▶ **WORK ORDER**:
Include only the line with "Photo of Bedroom in Hutchinson Island South" and the lines after it, each reproduced exactly as it stands in the entries below.

▶ **EXTRACTED DATA**:
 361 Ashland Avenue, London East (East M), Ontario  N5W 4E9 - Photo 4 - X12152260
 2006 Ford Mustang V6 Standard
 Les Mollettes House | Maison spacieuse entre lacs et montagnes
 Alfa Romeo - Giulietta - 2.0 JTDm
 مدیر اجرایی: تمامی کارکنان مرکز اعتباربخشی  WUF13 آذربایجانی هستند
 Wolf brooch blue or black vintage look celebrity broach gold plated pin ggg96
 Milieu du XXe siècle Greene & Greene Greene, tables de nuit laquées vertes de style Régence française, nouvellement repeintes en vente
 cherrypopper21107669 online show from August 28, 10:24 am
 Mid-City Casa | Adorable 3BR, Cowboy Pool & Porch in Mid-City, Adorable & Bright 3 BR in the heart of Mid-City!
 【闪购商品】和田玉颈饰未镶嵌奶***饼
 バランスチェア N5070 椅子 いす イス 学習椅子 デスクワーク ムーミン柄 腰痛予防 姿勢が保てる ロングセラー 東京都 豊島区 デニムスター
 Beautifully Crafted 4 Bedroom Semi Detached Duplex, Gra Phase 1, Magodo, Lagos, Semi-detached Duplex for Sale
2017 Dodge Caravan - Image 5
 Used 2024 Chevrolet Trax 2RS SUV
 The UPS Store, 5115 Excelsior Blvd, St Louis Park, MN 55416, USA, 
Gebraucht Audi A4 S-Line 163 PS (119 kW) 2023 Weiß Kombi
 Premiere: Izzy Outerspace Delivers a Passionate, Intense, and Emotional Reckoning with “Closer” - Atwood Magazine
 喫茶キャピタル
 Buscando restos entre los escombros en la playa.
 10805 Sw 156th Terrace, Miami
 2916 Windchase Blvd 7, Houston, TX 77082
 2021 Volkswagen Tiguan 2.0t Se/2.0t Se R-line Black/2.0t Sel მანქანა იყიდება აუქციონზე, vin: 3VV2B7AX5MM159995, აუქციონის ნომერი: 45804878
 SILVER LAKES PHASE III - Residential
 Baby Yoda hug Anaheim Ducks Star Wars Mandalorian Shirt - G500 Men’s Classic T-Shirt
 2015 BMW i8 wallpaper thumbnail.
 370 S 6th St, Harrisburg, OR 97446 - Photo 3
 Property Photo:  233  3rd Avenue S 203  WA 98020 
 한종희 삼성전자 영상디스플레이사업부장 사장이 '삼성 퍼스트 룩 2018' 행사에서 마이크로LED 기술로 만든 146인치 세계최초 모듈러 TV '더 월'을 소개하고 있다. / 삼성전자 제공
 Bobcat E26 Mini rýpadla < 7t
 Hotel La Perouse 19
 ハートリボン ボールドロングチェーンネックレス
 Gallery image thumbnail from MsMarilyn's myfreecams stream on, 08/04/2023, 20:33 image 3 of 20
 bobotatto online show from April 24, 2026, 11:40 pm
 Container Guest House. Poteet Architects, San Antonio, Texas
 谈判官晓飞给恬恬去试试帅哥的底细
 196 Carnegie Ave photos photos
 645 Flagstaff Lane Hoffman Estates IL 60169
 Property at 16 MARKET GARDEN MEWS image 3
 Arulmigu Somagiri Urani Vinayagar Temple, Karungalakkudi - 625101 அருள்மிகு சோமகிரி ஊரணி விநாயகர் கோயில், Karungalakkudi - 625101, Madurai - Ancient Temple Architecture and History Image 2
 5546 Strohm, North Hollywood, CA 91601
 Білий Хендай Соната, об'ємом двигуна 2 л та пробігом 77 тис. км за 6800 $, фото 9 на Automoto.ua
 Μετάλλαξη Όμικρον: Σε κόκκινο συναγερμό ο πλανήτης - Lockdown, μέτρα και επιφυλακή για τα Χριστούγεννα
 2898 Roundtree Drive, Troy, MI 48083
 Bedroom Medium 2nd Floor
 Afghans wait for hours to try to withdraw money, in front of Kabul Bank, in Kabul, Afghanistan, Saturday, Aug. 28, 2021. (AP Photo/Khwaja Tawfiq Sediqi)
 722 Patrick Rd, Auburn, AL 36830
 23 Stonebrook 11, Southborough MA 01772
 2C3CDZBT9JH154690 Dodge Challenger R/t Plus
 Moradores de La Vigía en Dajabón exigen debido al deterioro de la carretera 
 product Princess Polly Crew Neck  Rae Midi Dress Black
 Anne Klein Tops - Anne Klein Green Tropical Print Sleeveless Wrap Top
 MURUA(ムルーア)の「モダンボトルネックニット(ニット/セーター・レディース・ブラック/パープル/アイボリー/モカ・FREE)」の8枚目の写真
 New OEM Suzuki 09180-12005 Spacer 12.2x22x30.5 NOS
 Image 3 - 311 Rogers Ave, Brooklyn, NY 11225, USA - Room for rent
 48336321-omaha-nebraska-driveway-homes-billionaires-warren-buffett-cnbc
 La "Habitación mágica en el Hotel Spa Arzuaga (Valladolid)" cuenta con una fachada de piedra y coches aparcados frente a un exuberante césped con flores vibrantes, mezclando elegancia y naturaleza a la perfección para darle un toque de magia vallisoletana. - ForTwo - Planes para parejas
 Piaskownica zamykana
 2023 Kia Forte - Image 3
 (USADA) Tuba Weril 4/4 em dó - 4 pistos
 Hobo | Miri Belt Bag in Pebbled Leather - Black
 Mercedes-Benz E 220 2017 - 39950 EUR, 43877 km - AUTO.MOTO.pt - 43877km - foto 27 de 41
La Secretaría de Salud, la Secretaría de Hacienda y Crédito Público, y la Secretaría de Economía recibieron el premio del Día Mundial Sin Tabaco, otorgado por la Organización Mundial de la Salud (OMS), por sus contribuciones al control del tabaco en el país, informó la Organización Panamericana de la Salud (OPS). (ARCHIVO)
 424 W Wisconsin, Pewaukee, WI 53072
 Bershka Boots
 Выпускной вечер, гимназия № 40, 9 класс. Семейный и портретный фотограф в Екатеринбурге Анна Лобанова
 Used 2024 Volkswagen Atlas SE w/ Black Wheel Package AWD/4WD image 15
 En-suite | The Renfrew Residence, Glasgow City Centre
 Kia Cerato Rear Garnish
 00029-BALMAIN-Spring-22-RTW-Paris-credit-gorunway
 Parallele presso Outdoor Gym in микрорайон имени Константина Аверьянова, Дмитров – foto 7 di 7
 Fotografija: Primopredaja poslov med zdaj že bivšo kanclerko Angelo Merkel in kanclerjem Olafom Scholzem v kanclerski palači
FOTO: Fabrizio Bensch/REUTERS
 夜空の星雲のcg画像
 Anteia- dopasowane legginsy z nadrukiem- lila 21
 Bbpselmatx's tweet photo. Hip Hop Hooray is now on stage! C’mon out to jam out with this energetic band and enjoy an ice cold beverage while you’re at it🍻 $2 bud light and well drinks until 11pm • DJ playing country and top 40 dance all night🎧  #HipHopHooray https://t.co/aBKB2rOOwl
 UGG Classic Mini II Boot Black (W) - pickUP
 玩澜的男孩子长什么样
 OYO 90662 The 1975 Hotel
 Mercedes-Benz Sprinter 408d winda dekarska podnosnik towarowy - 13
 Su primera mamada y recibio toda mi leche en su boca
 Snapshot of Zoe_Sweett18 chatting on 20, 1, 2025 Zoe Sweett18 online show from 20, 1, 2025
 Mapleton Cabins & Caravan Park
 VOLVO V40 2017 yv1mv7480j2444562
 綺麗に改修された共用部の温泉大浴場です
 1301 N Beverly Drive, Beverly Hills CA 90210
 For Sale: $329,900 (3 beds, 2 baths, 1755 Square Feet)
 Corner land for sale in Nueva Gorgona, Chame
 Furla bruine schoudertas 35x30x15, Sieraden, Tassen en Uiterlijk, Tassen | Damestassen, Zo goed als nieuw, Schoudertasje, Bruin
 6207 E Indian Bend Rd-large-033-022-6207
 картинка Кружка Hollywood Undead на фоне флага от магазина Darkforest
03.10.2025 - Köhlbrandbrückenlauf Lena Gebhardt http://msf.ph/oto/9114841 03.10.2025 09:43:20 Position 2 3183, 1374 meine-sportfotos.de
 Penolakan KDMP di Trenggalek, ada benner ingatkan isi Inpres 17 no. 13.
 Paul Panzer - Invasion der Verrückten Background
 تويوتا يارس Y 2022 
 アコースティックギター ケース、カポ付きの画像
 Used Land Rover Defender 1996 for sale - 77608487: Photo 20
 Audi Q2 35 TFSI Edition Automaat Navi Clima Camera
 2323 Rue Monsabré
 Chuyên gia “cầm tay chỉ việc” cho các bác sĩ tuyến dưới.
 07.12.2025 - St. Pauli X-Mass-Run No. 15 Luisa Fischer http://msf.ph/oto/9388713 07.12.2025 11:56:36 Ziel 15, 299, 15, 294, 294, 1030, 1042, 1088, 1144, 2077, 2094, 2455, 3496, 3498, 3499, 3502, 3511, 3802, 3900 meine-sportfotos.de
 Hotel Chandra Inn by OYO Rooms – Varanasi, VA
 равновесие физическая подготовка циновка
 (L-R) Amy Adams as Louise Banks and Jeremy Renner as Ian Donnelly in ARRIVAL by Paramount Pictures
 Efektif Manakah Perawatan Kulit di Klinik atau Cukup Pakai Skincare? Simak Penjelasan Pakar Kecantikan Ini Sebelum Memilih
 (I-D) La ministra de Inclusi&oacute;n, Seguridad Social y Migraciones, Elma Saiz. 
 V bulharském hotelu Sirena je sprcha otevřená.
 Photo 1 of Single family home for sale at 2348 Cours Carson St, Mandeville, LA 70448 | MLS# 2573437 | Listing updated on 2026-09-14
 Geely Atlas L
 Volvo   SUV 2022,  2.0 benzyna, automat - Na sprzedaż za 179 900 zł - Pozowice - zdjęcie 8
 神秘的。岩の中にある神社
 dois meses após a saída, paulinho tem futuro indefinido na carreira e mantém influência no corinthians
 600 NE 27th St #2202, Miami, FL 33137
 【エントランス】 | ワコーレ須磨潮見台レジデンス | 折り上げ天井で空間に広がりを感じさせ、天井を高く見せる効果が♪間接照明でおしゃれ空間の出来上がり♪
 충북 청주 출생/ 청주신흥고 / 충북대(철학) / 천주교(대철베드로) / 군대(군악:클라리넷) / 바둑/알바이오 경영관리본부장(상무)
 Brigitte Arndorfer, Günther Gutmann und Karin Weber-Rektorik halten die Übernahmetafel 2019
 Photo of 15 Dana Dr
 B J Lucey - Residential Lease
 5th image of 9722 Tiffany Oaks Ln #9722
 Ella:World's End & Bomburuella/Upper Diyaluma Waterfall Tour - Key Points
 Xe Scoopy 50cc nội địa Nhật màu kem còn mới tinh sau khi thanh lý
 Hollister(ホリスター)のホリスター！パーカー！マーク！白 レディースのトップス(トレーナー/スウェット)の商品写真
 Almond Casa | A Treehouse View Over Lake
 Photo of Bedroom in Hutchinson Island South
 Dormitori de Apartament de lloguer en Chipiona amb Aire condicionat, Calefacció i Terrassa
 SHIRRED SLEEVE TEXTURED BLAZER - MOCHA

▶ **TASK RESULT**:
 Photo of Bedroom in Hutchinson Island South
 Dormitori de Apartament de lloguer en Chipiona amb Aire condicionat, Calefacció i Terrassa
 SHIRRED SLEEVE TEXTURED BLAZER - MOCHA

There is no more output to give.